お父さんたちが映画館で寝てしまうのはこの社会のせい
ストーブの稼働音が微かに聞こえる部室で、静かに本を読んでいた。
二月も最後の週。十度を超える日のほうが多くなって、もうすぐ春ですねと口ずさみたくなる今日このごろ。今週末寒波がやってきて、もしかしたら雪になるかもと言っていたが、どうせ降らない。というか俺が許さない。
先日の邂逅から、初めての部活。安曇だけが来ておらず部屋にいるのは俺と橘の二人きりだ。彼女は勉強をしているのか、参考書を見ている。
朝学校に行ってからすぐに彼女から何らかのアプローチがあるものだと思っていた。けれど橘は何も言ってこなかった。ただ俺と顔を合わせた時「おはよう」とだけ言った。それだけだ。

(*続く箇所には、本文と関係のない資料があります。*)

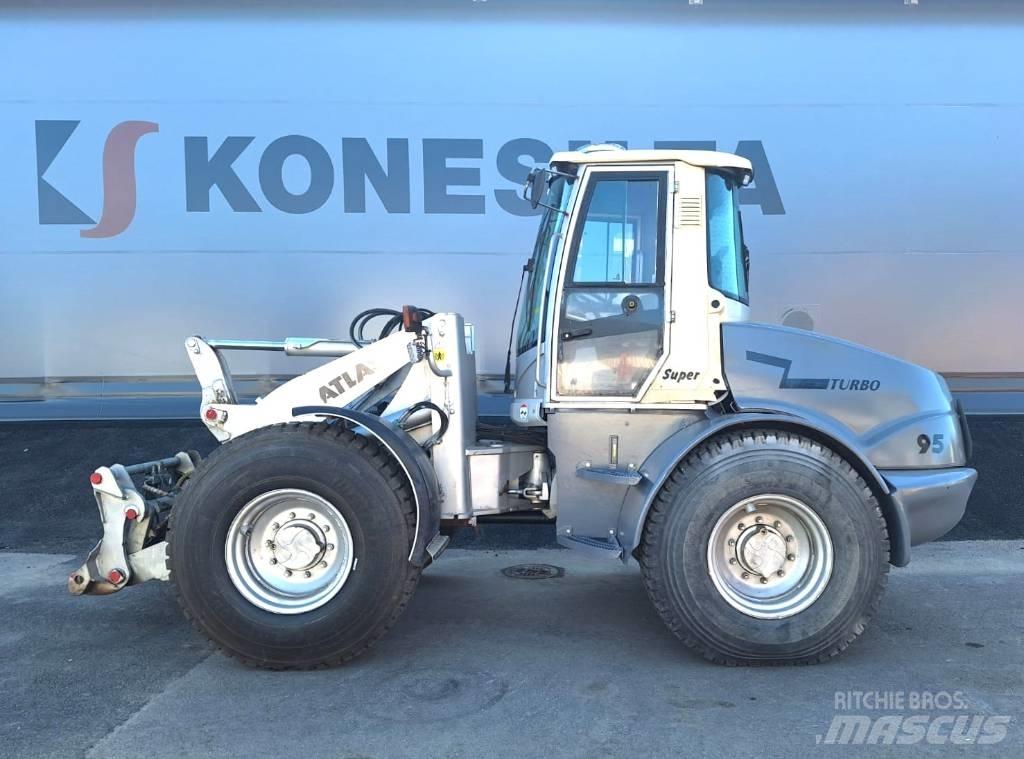 Atlas 95 SUPER Wheel Loaders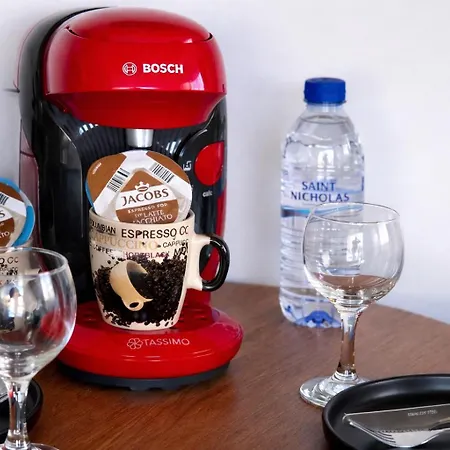 Smart Comfort Deluxe N1 Private Balcony Bathroom 250m Marina Port 800m *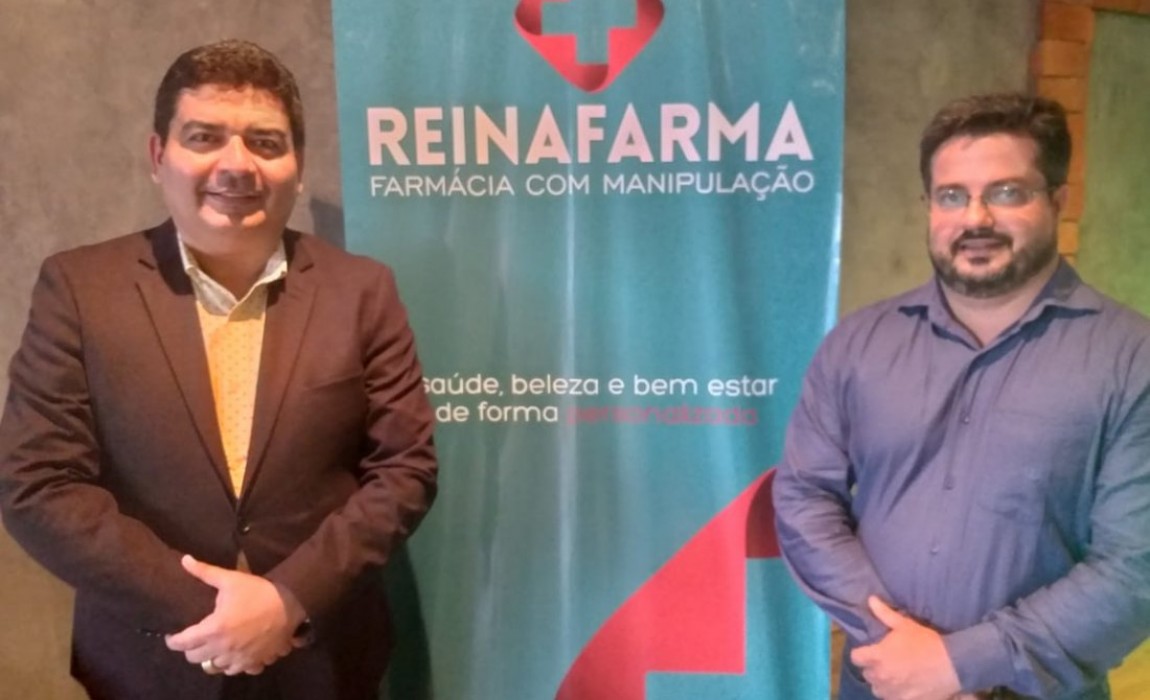 Curso de Farmácia da Esamaz  amplia número de estágios com a inauguração da ReinaFarma com Manipulação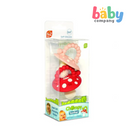 RaZBaby Chompy - Pink/Red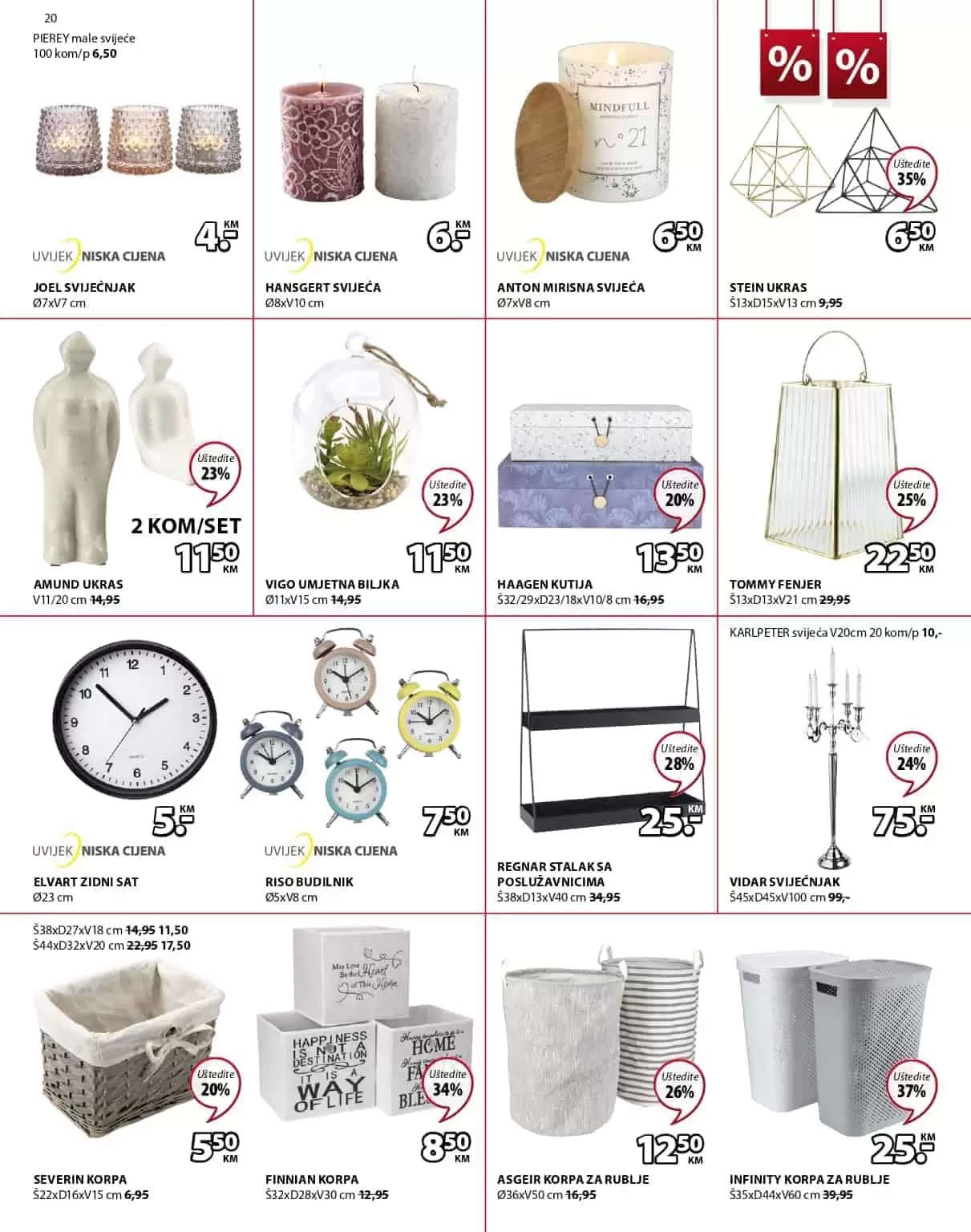 Jysk akcija. Jysk madrac. katalog. popust. snizenje.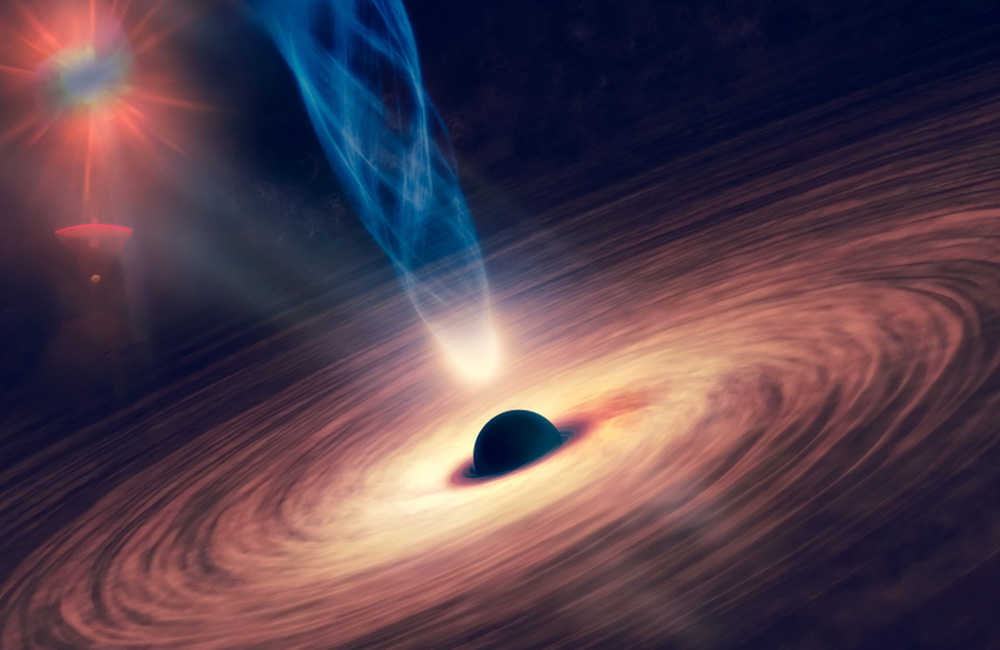 Ultramassive black holes ©Elena11/Shutterstock.com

授業が始まってから、昼休み時間中も、橘は俺に話しかけてはこなかった。俺に、話をする気は微塵もなかったが、どんな言論を以て迎え撃とうかと、身構えていた身としては拍子抜けする思いがした。
それから放課後、部室に入ってからも、橘は必要以上の事を口にしなかった。
静かだ。
不自然なほどに静かだ。
いつもならばべらべらと御託を並べるのに、今日は嫌に口数が少ない。
例の件に全く興味がないというより、敢えてその話題を避けているように見える。それでも俺は胸をなでおろすことができなかった。それこそ彼女が先日の件を意識している証拠だからだ。どうでもいいと思っているのなら、すぐにでも尋ねてくるはずだから。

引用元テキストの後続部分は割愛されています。